One thing I want to call to your attention is that the later printings of the book contain an “explanation” in the forward by a Marxist professor, telling us not to take it seriously.  What was that Michelle Obama said about the left’s need to change our history and our traditions?





 

Share

7 thoughts on “Booker T. Washington – Up From Slavery

  1. Any idea where I could find the text of that forward, seems to me that some fisking may be in order.

  2. Beck brought it up in the video. If he said it, holding up a copy of the book in front of the camera, there is at least 99.999% chance that it is true. I added the “Marxist” bit, simply because I know the left and from where it gets its ideology and faith. But if you feel the need, then fisk away. Don’t take Glenn Beck’s (and his army of paid fiskers) word for it. He’d tell you that himself.
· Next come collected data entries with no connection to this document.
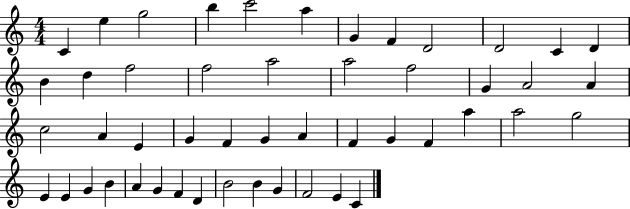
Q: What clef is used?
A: treble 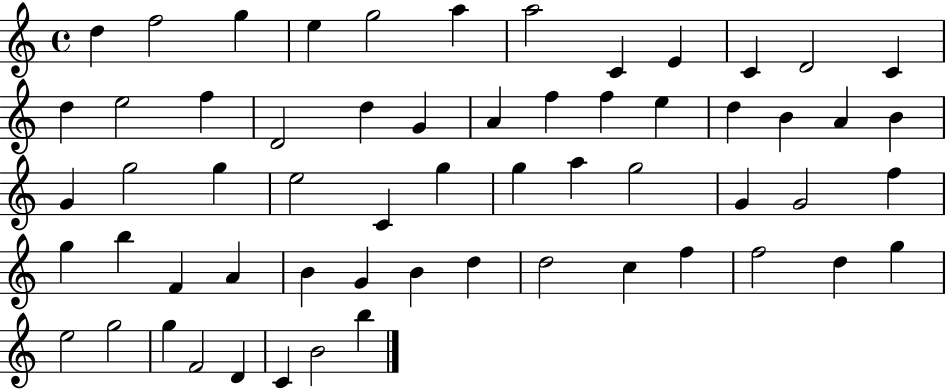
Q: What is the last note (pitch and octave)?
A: B5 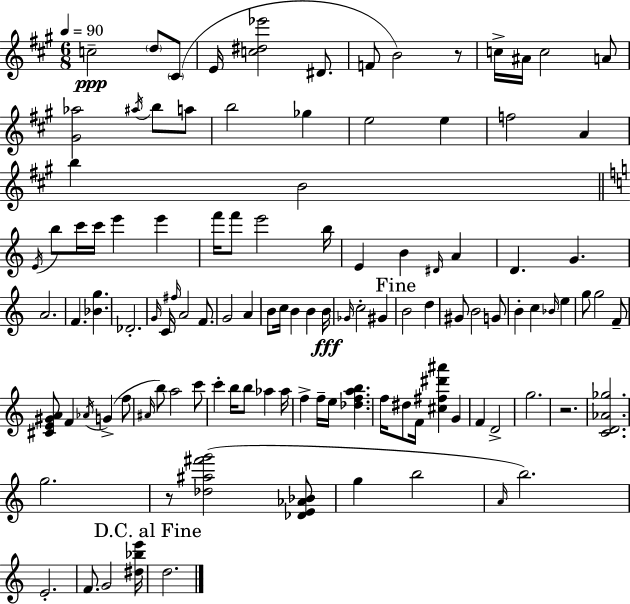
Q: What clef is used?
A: treble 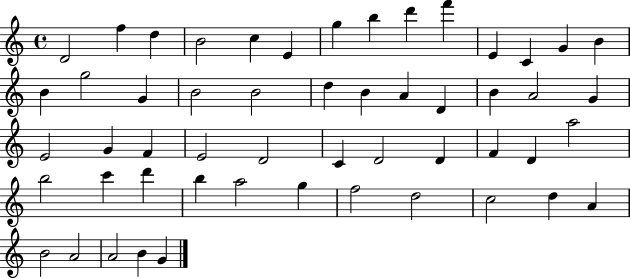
X:1
T:Untitled
M:4/4
L:1/4
K:C
D2 f d B2 c E g b d' f' E C G B B g2 G B2 B2 d B A D B A2 G E2 G F E2 D2 C D2 D F D a2 b2 c' d' b a2 g f2 d2 c2 d A B2 A2 A2 B G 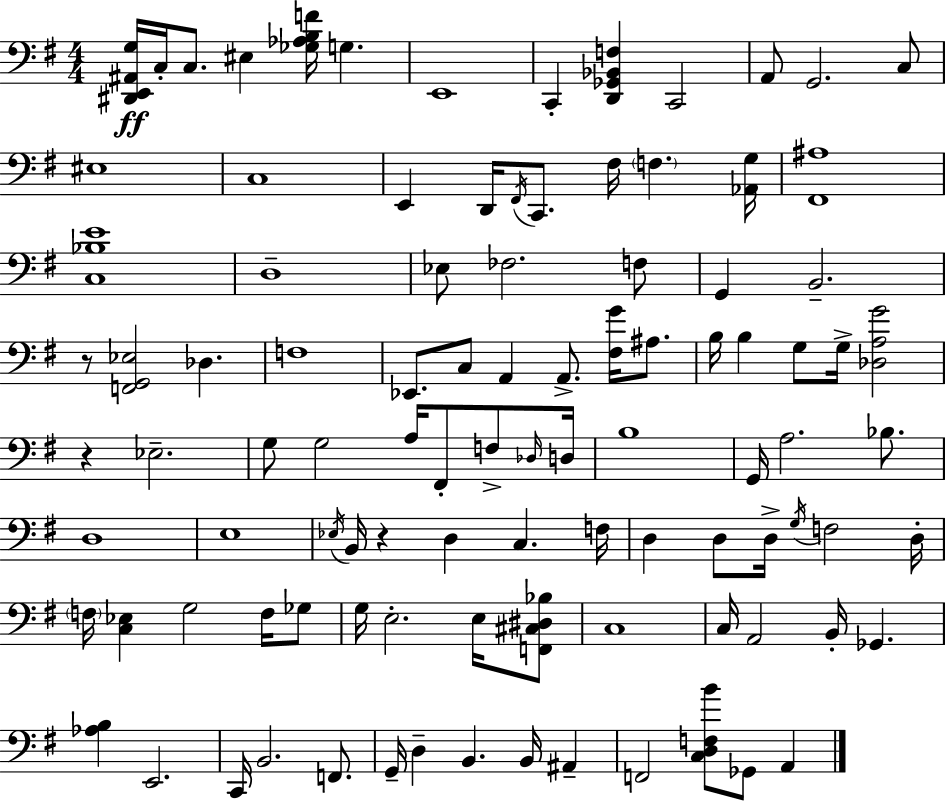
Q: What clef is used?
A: bass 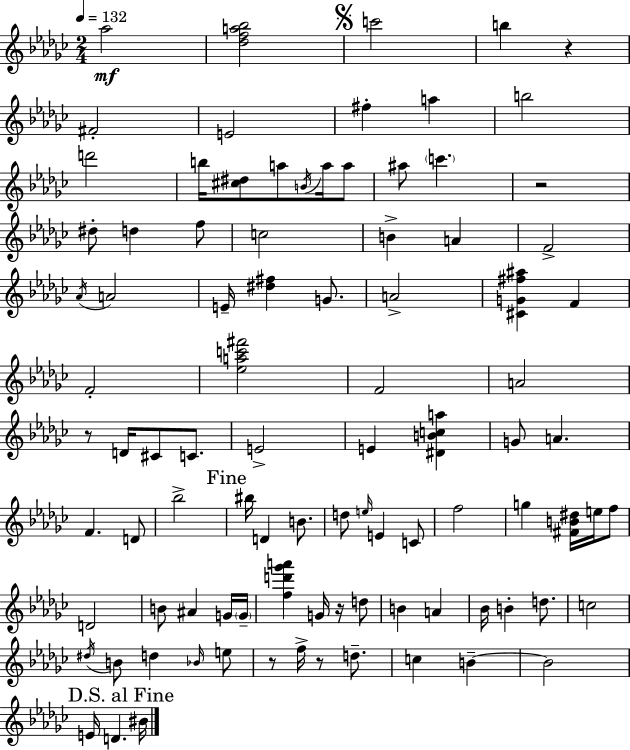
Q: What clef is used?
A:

I’ll be getting a copy for myself, so I can see who did what in the forward. You should do the same. No doubt there is more than one version.

  3. I’m not in a position to watch the video right now, but I recently read Up from Slavery.

    My impression is that the book had two audiences, northern and southern whites. Washington wanted to raise money from northern whites and placate southern whites. Throughout the book, he never has a bad word to say about any person except unnamed blacks. He wants to be a friend and fan of every person.

    Washington’s strategy of building up black society through the skilled trades and moral cultivation was probably the right approach. It’s a pity that it incurred such hostility from other corners.

    But the rejection of Washington was understandable. In the book, Washington has a single-minded focus on the future. He wants a better future for blacks and is willing to whitewash brutality and injustice against his people in the past and the present in order to accomplish that goal.

  4. Would that we all had closer to a single minded focus on the future.

    What is the difference, exactly, between being “willing to whitewash” sins in the past on one hand, and dwelling on (being stuck in and defined by) sins in the past?

    I’m as much Irish as Obama is black. Some pretty horrible things were done to Irish immigrants in the U.S. However, those horrible things weren’t done to me, and the people who did them are dead. What would be the point in my dwelling on it? Whipping up ethnic division for sadistic political gain. Nothing else. Should I define myself by other people’s past sins, and by ethnic division, or should I live a better life because I can?

    We don’t have to “whitewash” which is to say, “make it appear less evil than it was” in order to get past slavery. What we have to do to get past slavery is get past slavery. I’m not a victim, you’re not a victim, I’m not a perpetrator, you’re not a perpetrator, and so neither of us has a claim on the other. Move on. Acknowledge the evils of the past, learn from them so they’re less apt to be repeated, recognize the various forms slavery can take even now, but never whitewash it.

    What we owe one another is a respect for each other’s rights and responsibilities in a free society. We owe each other liberty. Starting now.

    “Emancipate yourself from mental slavery. None but ourselves can free our minds.” — Bob Marley

    I’ll take Booker T. over Al Sharpton, Rev. Wright and Obama any day, thank you. All the latter want is a hopeless, angry, dependent class they can use to help further their power. What I want, and what Booker wanted, is for ALL people to have the wherewithal, the hope, the freedom and some peace so they can uplift themselves. It’s a choice between divide and conquer or unify and free.

  5. Keep in mind that Washington was born a slave and lived in the 19th Century South. American slavery is in the distant past for us, but was not for him or his contemporaries.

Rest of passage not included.